The following six schemas directly focused on both the community and the conservation area, with each one contributing to the final framework. Three of the models use a triangular structure. Nyaupane and Poudel (2011) created the model ‘Linkages among biodiversity conservation, livelihood improvement and tourism development’, which illustrates the two-way relationships between these three aspects. Their research used Appreciative Inquiry in three communities surrounding Nepal’s Chitwan National Park. Uni-directional arrows between the three aspects highlight different linkages, such as investments due to tourism development result in improved livelihoods. Ross and Wall’s (1999) ‘Ecotourism paradigm’ has a similar structure in the sense that it considers the balance and synergistic relationships between local communities, biodiversity and tourism. However, they also add ‘management’ to the centre of the model because it plays a pivotal role in maintaining balance via effective management. For example, a one-way arrow links management to the local community, with the mention of ‘Outreach programmes’ and ‘Enforcement of use zones’. Later, Tsaur, Lin and Lin (2006) adapted Ross and Wall’s (1999) framework. They represented ‘tourism’, ‘local community’ and ‘the resource’ as the three corners of a triangle, with bi-directional arrows connecting the corners and representing economic, social and environmental relationships.

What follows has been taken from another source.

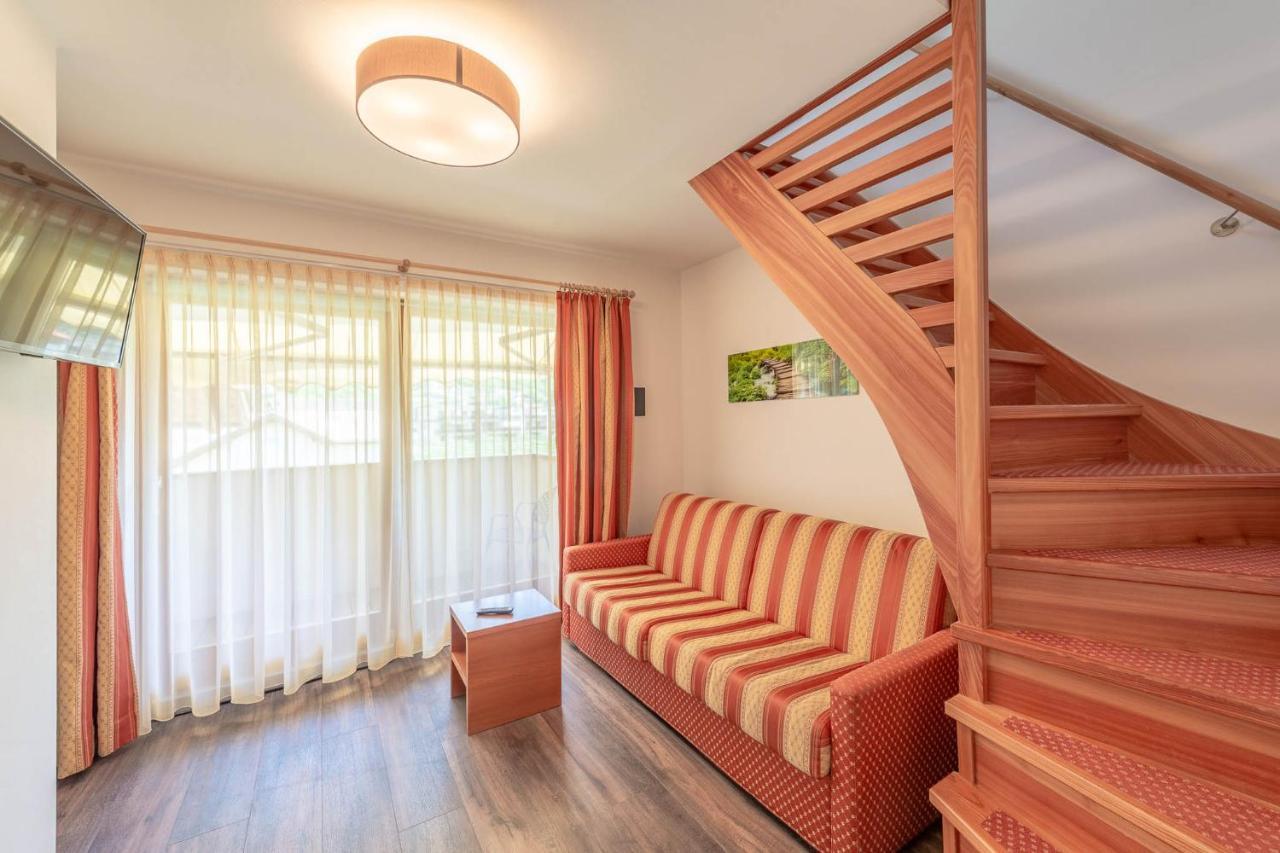 Hotel Christine Gargazzone Exteriér fotografie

The linked incentives model of direct linkage as a conservation strategy is the work of Salafsky and Wollenberg (2000). They had previously proposed three conservation strategies, namely no linkage, indirect linkage and direct linkage. It is the latter, as the ideal scenario, that became this model. Using a series of blocks with connecting arrows, it represents different connections between livelihood activities and conservation (labelled as ‘biodiversity’). In this model, to protect the environment, alternative livelihood options that support biodiversity are provided to communities inside the conservation area (who might be an internal threat) and to communities outside the park (as a possible external threat). As a result of the linkages of increased benefits received, capacity building and locals recognising the value of biodiversity conservation, the notion is that local people will act to conserve.

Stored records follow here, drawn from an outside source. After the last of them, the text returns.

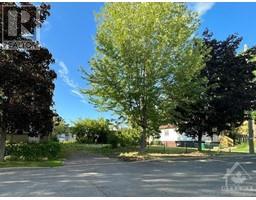 191 HERITAGE MAPLE WAY, ottawa, Ontario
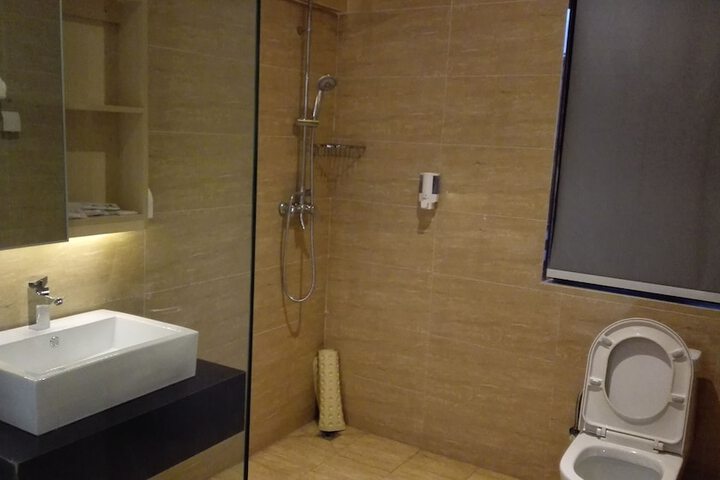 Room 19 of 26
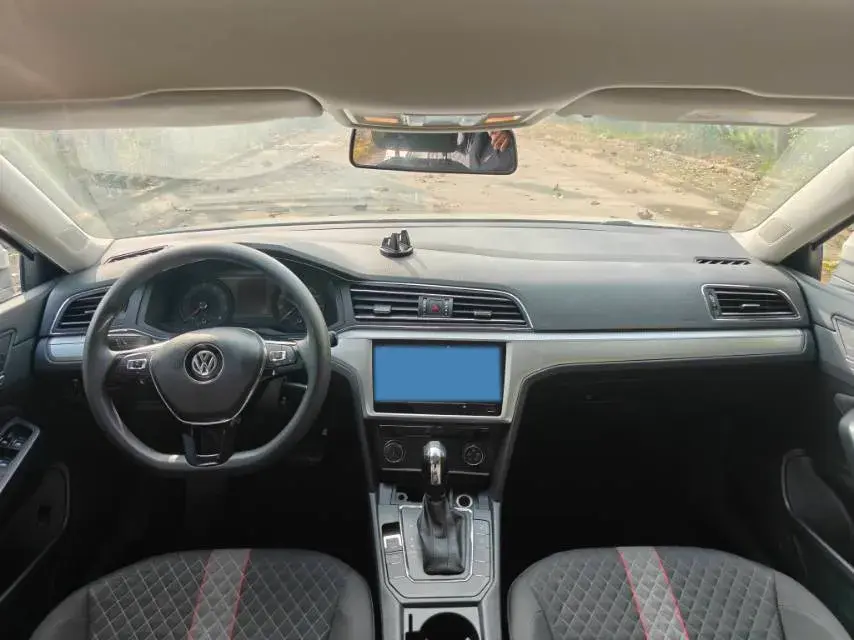 2021 VOLKSWAGEN LAMANDO thumbnail 4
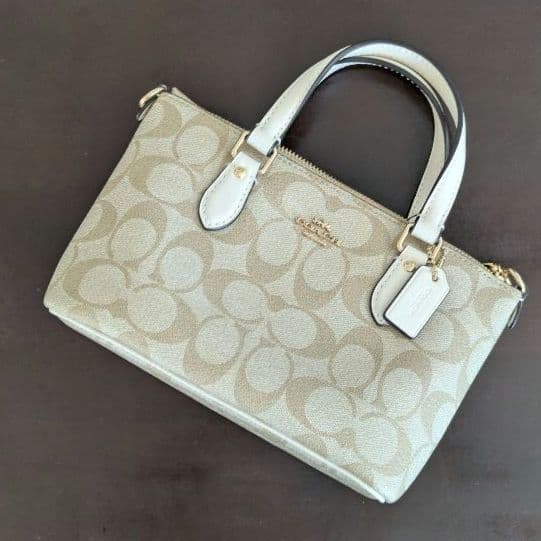 超美品　コーチ　ミニショルダーバッグ シグネチャー アクセサリーポーチ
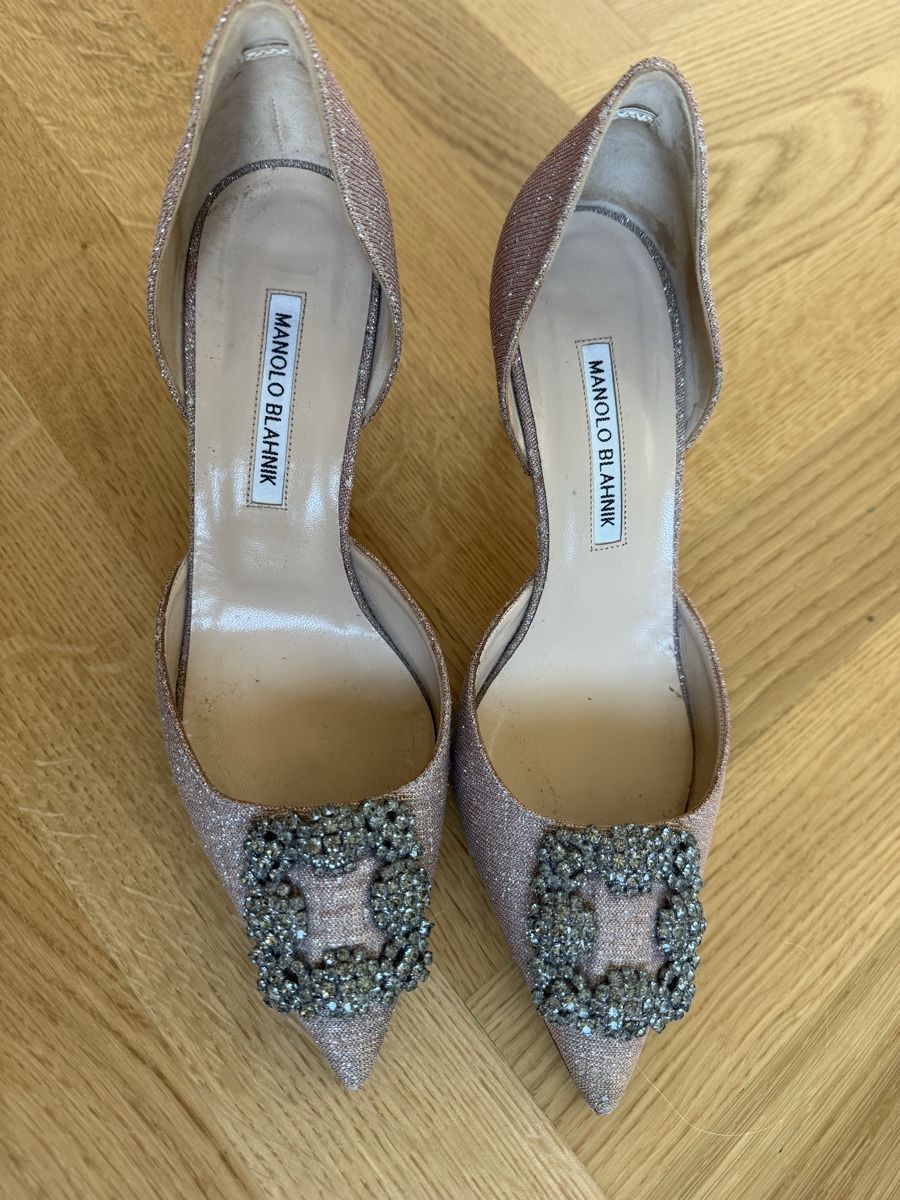 Manolo Blahnik Damenschuhe: Manolo Blahnik Pumps 38.5 – Gebraucht aus Zürich von lmk_99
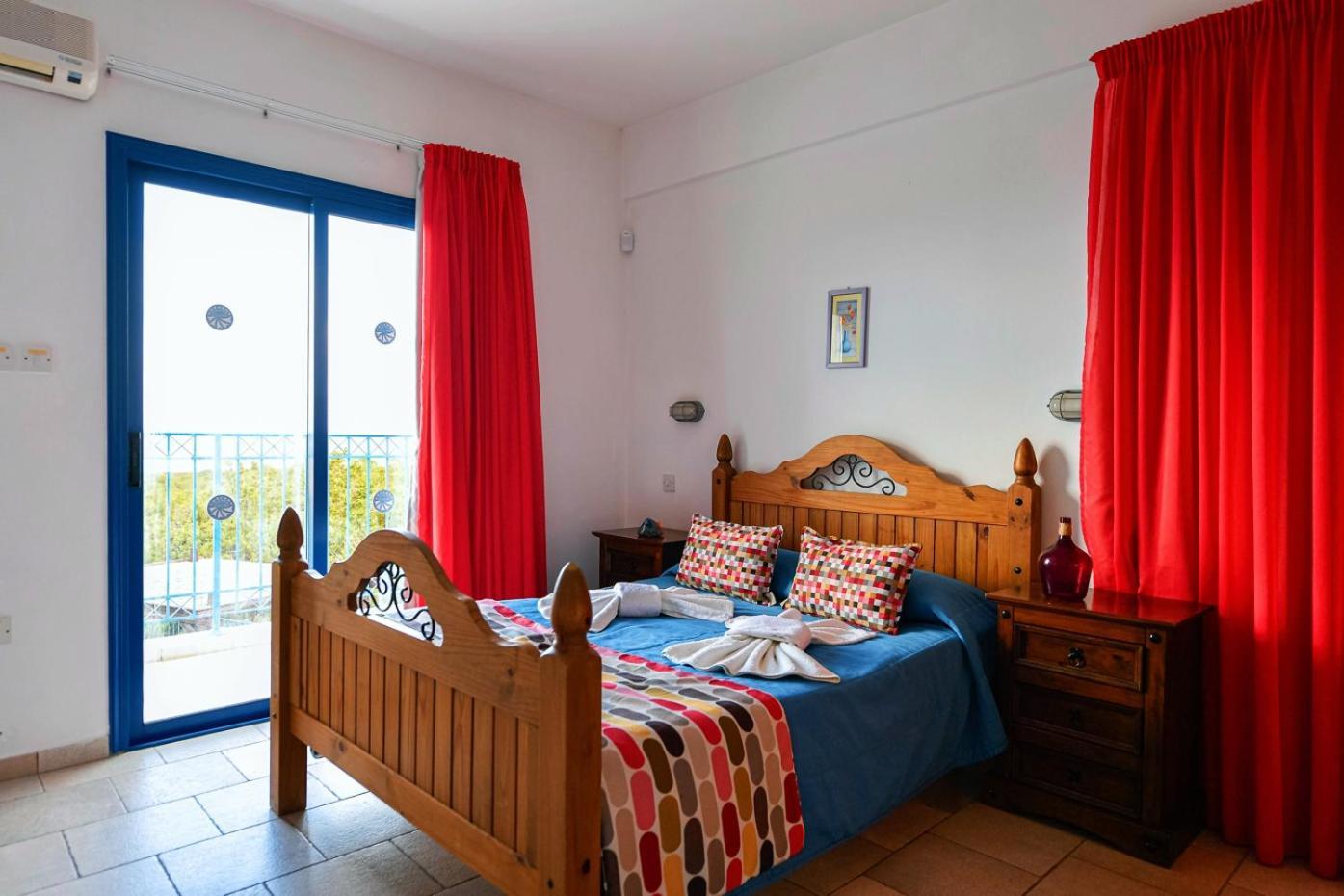 Azzurro Villa Peyia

Mutanga et al. (2015a) designed a framework for assessing the relationships between a protected area and community. They also used an arrangement of blocks (but in columns) with ‘protected area (staff)’ and ‘community’ as the two outer columns linked by the middle column of ‘human–wildlife interface’. Their assertion is that conservation is enhanced if these relationships are positive. Mutanga et al.’s study is based on a literature review and demonstrates that the attitudes of both parties’ shape relationships. Four major factors play a role, namely the history of the protected area in the sense of forced relocation and a fences or fines approach; benefits and costs because of living near to a protected area; socio-demographic factors, for example, level of education and household size and income; and community involvement in conservation initiatives via Integrated Conservation and Development Projects.

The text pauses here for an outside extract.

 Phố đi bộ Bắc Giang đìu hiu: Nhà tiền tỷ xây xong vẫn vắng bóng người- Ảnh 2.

Based on research in Myanmar and Nepal, the ‘Framework for the protected area–people relationships’ by Allendorf (2010) introduces the idea of layers within a framework. Allendorf selected universal terms that can be applied and compared across different cases. The inner layer represents people’s physical relationships with the protected area (how locals interact with and use the area and the impact of the protected area on them in terms of costs). This layer also represents their attitudes towards the protected area (including their perceptions of the area) and concerns whether they like or dislike the protected area. The middle layer relates to people’s perception of other entities, for example, management, non-governmental organisations (NGOs) and government (which can perform a direct or indirect role). Finally, the outer layer concerns the broader context of the social, political, cultural, historical and economic realms and their linkages to the people-park relationships.

Lastly, Bennett’s (2016) article investigates research regarding perceptions and the contribution thereof to improving adaptive management and evidence-based conservation. He maintains that perceptions are often dismissed in conservation science, but are research-worthy because they provide valuable insights into how to ensure the support of the community and thereby long-term conservation. Bennett’s (2016) schema, in the form of a flow chart, therefore depicts the importance of knowing the perceptions regarding different facets (social, ecological, governance and management), which will then generate or undermine support for conservation. These perceptions are influenced by the social context and the individual context.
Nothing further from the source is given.